Ghosts stories have captivated the minds of people for generations–scaring young and old, rich and poor. They come from an age-old tradition of fears and tales of warning. Ghosts are also representative of the flickers of understanding that makes itself known as movements caught from the corner of your eye when you aren’t really paying attention.

 

As Avery Gordon in Ghostly Matters: Haunting and the Sociological Imagination states, “Ghosts are the empirical evidence that a haunting is occurring.” But who or what is doing the haunting? Why are individuals, places, and cultures sometimes haunted by the past? Spiral artists explored the ghosts in their lives and in contemporary society through artists such as Remedios Varo, David Wojnarowicz, Janine Antoni, Krystof Wodijcko, Christian Boltanski, Kara Walker, Alfredo Jaar, Francisco Goya, Chatchai Pupia, Janet Fish, & Merlin Carpenter. They considered why the notion of ghosts persists in the popular imagination by considering ideas from Avery Gordon and from Mary Roach’s Spook.

 

The Apparitions artists analyzed what ghost stories can tell about the values of the culture from which they emerge. The youth artists discussed various theories of what a ghost is and considered the reasons for ghostly manifestations–whether it was a ghost tied to a location through a tragic event or by the desire to care for a loved one. They also considered whether ghosts manifested in a visible or invisible manner. The youth artists considered the purported photographic evidence of paranormal activity called ectoplasm from séances in the late 1800’s and early 1900’s, as well as how ghosts can be linked to social and cultural issues such as racism, sexism, classism, and homophobia.

 

Apparitions artists built their painting skills in representing what is visible, semi-visible, and invisible. The students experimented with manipulating the thickness and translucence of paint to render clear bottles and glasses. They honed their skills at observing shape and value, and then used gestural drawing and a rich range of values to create three-dimensional-looking fabric, draped in ghostly forms.

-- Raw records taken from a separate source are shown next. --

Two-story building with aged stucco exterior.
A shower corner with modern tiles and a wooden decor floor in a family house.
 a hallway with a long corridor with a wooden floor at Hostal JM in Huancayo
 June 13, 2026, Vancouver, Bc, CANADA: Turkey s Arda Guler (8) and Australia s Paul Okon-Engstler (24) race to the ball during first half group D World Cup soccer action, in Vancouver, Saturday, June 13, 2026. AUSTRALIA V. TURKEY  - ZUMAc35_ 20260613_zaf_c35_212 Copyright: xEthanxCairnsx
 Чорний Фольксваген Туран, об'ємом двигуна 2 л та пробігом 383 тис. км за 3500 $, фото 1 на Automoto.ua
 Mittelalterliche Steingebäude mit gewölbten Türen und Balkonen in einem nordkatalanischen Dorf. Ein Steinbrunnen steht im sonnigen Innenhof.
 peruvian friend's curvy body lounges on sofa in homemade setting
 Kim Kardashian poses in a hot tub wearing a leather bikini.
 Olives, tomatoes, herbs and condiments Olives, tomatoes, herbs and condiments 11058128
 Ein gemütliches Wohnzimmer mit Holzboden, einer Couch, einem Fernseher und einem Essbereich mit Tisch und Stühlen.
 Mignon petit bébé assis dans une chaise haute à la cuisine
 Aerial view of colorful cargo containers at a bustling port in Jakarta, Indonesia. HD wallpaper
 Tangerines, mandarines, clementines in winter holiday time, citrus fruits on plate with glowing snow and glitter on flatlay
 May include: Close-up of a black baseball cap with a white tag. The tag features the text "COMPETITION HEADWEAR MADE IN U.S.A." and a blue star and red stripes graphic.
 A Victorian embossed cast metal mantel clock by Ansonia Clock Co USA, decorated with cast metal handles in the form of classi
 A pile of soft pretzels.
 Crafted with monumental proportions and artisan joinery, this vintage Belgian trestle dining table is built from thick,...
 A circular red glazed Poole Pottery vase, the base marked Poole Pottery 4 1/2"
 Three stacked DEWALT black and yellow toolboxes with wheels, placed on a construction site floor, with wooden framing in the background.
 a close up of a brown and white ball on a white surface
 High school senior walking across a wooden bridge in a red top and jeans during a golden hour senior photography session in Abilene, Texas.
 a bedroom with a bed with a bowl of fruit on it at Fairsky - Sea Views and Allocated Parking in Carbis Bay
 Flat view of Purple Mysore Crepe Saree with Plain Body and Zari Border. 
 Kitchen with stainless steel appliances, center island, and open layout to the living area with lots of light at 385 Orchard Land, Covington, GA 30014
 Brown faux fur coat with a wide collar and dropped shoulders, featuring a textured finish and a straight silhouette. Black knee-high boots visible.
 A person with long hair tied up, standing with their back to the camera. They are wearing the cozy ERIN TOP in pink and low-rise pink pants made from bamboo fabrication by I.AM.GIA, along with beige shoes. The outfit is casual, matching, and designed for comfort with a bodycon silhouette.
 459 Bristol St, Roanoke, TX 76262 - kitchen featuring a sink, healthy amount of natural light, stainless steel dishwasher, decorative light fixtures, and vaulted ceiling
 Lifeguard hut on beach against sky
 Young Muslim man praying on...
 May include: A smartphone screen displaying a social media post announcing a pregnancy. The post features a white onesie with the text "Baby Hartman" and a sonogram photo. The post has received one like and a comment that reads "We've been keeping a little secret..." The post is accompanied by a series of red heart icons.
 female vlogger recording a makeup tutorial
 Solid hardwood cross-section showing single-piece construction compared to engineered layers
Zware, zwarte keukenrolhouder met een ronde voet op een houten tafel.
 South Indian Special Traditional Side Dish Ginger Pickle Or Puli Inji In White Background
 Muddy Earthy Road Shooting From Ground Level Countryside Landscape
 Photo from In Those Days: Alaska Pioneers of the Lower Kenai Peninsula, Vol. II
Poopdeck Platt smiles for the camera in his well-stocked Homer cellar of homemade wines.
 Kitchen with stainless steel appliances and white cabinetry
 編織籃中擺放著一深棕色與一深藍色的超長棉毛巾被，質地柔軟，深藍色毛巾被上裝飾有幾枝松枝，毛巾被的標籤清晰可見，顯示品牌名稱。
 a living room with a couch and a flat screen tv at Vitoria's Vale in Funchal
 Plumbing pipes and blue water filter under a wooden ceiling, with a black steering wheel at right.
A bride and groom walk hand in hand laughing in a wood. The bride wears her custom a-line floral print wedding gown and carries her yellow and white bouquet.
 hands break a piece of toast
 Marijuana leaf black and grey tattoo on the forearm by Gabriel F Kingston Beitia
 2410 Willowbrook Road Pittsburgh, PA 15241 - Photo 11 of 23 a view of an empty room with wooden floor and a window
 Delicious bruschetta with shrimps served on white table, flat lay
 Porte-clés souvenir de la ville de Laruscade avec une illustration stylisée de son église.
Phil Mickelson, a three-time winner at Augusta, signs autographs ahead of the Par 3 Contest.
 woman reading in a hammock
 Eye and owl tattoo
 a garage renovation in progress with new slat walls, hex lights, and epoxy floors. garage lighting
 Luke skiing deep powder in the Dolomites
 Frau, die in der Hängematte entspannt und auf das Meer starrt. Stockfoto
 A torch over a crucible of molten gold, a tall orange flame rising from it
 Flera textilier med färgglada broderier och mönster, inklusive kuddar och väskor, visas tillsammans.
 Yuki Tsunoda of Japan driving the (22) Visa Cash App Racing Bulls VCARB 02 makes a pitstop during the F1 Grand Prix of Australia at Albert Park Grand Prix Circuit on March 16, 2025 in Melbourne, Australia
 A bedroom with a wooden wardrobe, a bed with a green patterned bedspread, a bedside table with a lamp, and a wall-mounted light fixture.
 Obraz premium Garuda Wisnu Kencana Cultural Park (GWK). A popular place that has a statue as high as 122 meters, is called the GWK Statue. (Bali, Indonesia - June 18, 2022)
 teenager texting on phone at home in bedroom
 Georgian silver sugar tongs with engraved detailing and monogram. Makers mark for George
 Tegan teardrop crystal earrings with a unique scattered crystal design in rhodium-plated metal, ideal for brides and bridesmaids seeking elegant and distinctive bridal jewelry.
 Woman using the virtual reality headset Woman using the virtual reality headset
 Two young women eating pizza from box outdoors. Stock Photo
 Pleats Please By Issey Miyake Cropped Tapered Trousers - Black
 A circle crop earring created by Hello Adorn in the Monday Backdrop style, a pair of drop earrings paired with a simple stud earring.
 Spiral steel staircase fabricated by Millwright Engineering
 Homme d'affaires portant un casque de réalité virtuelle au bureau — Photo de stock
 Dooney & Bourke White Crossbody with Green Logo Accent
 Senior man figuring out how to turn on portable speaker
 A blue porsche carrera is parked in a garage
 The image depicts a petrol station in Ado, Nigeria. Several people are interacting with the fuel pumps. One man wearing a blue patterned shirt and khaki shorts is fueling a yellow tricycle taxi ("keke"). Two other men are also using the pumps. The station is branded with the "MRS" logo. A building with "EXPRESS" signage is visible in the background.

After learning about ectoplasm as the purported evidence of paranormal and ghostly activity, the youth artists envisioned themselves as psychic mediums channeling ectoplasm and other worldly experience. Using chiaroscuro lighting, they created self portraits of an Artist as Medium, projects worthy of the best paranormal fakery. The youth artists then moved to experiment with color, using layering, and value and chroma variations of a hue to generate abstract compositions with some manner of a ghostly glow. In the final project, the Apparitions artists put all their skills into action to create a complex artwork that explored who or what they would haunt if they were ghosts.

 

Through the Apparitions group, youth artists explored social and cultural phenomena that is often unseen and unrepresented. The Apparitions artists understand that the artist can become a medium through which other people see the world.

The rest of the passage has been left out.